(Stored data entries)
──────────────────────────────

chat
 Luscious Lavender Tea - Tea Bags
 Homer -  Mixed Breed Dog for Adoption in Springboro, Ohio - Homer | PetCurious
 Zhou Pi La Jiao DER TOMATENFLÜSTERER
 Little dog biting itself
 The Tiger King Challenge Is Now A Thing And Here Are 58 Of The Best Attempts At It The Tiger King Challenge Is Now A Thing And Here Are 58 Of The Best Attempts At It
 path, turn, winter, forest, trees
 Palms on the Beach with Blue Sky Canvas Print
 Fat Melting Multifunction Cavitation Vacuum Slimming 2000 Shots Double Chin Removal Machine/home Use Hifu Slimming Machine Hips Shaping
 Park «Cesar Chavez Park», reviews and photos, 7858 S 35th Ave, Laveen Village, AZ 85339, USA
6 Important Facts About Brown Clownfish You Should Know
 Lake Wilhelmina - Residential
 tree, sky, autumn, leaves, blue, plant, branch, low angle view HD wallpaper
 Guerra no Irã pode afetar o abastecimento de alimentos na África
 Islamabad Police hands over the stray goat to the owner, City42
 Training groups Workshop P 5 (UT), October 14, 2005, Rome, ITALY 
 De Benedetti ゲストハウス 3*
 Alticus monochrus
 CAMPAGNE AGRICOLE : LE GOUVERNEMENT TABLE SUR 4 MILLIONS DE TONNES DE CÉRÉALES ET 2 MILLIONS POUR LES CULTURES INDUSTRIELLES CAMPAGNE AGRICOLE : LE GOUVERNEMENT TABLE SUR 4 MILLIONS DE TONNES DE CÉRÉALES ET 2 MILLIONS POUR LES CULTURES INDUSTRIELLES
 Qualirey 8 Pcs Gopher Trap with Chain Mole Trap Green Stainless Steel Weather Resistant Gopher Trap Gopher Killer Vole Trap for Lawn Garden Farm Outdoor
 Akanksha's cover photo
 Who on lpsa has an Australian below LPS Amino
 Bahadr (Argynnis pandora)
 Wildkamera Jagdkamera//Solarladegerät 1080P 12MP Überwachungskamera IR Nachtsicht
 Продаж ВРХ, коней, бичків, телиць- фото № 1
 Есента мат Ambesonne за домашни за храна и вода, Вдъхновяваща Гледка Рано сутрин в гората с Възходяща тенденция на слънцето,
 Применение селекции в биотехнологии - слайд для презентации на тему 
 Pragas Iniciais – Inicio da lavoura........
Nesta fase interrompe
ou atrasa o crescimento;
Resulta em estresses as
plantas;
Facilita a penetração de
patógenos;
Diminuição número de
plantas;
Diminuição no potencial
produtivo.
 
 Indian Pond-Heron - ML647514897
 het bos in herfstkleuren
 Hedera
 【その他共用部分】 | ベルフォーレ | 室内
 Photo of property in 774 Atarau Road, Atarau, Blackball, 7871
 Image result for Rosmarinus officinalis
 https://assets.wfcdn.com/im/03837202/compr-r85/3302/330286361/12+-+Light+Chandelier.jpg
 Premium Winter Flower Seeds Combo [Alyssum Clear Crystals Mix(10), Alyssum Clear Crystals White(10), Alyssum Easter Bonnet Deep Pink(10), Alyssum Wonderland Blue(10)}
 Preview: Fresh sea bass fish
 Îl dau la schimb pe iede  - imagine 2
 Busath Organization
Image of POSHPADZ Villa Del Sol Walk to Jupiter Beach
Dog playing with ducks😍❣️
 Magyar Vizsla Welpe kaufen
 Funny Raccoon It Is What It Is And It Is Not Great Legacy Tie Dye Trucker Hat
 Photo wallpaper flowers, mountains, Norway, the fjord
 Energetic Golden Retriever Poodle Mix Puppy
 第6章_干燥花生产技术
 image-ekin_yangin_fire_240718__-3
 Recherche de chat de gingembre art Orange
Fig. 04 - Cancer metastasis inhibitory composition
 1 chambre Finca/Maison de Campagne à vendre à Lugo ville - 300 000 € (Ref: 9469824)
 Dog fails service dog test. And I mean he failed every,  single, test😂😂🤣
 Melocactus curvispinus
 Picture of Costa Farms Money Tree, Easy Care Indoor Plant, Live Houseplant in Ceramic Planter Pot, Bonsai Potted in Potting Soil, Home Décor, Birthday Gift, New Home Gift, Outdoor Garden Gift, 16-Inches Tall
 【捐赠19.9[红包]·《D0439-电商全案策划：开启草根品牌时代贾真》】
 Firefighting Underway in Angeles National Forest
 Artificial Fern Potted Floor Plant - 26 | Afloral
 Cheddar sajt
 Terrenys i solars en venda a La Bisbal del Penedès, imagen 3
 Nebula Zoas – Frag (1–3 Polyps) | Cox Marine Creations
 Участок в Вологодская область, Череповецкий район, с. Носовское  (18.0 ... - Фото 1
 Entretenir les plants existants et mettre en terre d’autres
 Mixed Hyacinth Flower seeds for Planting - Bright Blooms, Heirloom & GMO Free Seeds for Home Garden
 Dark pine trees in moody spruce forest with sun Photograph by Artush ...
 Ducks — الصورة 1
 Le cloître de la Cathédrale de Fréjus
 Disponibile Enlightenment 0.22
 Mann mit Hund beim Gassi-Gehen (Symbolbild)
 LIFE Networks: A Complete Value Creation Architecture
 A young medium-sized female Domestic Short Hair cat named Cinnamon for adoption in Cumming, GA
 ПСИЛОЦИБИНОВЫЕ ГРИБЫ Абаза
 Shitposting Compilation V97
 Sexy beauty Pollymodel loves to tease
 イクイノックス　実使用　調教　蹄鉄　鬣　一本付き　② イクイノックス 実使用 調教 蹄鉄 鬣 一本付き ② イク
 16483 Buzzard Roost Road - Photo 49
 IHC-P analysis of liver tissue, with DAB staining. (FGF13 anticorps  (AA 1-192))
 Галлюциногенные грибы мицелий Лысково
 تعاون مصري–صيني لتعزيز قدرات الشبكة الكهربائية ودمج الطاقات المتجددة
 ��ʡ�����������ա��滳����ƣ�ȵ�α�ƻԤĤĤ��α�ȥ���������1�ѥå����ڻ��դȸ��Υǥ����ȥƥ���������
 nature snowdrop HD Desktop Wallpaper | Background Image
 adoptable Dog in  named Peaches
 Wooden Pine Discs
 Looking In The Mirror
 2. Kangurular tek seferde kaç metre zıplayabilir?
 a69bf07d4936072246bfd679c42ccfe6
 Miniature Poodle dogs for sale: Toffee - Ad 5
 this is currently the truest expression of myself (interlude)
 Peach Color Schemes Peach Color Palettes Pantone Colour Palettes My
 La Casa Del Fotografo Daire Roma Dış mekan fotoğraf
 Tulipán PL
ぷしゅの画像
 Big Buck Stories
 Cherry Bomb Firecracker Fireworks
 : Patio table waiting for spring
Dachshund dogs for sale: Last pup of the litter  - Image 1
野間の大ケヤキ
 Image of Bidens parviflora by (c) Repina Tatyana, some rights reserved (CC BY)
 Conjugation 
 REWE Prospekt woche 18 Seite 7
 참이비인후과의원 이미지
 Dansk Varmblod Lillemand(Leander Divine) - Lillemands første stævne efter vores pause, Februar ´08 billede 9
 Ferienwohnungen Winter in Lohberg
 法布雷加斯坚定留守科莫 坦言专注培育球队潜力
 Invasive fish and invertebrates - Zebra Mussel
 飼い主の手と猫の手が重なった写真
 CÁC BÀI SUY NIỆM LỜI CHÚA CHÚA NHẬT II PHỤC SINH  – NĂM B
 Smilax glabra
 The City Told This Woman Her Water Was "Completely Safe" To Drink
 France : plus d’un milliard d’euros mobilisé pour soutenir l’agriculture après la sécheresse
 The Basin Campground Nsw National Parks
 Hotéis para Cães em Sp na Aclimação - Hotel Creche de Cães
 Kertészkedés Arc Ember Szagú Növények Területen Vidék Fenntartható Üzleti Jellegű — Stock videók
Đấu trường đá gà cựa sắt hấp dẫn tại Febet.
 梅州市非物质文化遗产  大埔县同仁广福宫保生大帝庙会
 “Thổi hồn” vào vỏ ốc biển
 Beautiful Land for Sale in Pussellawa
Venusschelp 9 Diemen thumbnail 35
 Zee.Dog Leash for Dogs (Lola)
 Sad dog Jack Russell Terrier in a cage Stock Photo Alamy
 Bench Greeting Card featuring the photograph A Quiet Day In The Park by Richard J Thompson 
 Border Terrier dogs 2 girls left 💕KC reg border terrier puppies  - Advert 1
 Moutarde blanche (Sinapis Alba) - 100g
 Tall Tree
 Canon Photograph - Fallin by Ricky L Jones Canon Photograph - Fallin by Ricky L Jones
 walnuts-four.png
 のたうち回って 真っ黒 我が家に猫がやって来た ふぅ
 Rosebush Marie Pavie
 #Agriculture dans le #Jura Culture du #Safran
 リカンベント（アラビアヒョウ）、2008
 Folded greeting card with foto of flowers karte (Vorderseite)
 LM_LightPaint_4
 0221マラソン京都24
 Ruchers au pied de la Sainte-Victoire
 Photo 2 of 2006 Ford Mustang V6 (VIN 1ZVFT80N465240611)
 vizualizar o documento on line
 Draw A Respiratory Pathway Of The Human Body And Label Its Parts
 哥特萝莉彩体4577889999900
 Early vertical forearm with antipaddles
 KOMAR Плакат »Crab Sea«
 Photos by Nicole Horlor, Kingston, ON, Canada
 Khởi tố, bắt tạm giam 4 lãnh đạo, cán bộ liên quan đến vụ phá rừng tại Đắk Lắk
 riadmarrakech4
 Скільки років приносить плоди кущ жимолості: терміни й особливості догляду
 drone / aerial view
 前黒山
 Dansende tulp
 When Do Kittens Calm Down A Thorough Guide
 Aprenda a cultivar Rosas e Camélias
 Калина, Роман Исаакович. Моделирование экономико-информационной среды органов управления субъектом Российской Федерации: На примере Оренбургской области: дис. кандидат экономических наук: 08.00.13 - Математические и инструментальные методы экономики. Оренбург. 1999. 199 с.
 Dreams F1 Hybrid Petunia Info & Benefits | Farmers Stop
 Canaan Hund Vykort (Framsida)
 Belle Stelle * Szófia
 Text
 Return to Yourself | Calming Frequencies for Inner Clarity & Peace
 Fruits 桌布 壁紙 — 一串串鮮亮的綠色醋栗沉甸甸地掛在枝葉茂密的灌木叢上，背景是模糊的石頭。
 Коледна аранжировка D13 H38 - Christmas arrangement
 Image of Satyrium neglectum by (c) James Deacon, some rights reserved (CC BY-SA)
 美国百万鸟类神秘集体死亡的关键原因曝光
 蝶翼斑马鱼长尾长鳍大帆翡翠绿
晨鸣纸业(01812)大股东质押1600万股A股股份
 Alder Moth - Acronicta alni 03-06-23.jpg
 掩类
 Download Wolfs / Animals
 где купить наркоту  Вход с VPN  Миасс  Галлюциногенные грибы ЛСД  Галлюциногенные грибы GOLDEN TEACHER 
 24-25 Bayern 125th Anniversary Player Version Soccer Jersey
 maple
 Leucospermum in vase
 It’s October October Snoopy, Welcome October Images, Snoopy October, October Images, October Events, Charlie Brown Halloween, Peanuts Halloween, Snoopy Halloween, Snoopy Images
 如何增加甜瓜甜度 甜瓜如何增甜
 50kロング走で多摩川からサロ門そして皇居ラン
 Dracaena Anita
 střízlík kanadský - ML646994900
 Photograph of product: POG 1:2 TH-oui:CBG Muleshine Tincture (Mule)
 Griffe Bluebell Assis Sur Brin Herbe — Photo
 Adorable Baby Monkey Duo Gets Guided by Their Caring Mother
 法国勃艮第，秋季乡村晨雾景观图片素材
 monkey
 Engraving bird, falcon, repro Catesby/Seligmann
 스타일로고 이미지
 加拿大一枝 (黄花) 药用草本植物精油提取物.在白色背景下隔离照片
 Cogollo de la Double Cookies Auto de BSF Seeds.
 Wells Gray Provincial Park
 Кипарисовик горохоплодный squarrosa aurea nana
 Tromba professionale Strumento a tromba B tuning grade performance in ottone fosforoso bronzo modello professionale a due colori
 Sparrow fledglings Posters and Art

──────────────────────────────

__Directions for this task__
Beginning at the line with "CÁC BÀI SUY" and ending at the line with "Bench Greeting Card", reproduce each line of the data above exactly, and add no other lines.

__Exercise output__
 CÁC BÀI SUY NIỆM LỜI CHÚA CHÚA NHẬT II PHỤC SINH  – NĂM B
 Smilax glabra
 The City Told This Woman Her Water Was "Completely Safe" To Drink
 France : plus d’un milliard d’euros mobilisé pour soutenir l’agriculture après la sécheresse
 The Basin Campground Nsw National Parks
 Hotéis para Cães em Sp na Aclimação - Hotel Creche de Cães
 Kertészkedés Arc Ember Szagú Növények Területen Vidék Fenntartható Üzleti Jellegű — Stock videók
Đấu trường đá gà cựa sắt hấp dẫn tại Febet.
 梅州市非物质文化遗产  大埔县同仁广福宫保生大帝庙会
 “Thổi hồn” vào vỏ ốc biển
 Beautiful Land for Sale in Pussellawa
Venusschelp 9 Diemen thumbnail 35
 Zee.Dog Leash for Dogs (Lola)
 Sad dog Jack Russell Terrier in a cage Stock Photo Alamy
 Bench Greeting Card featuring the photograph A Quiet Day In The Park by Richard J Thompson 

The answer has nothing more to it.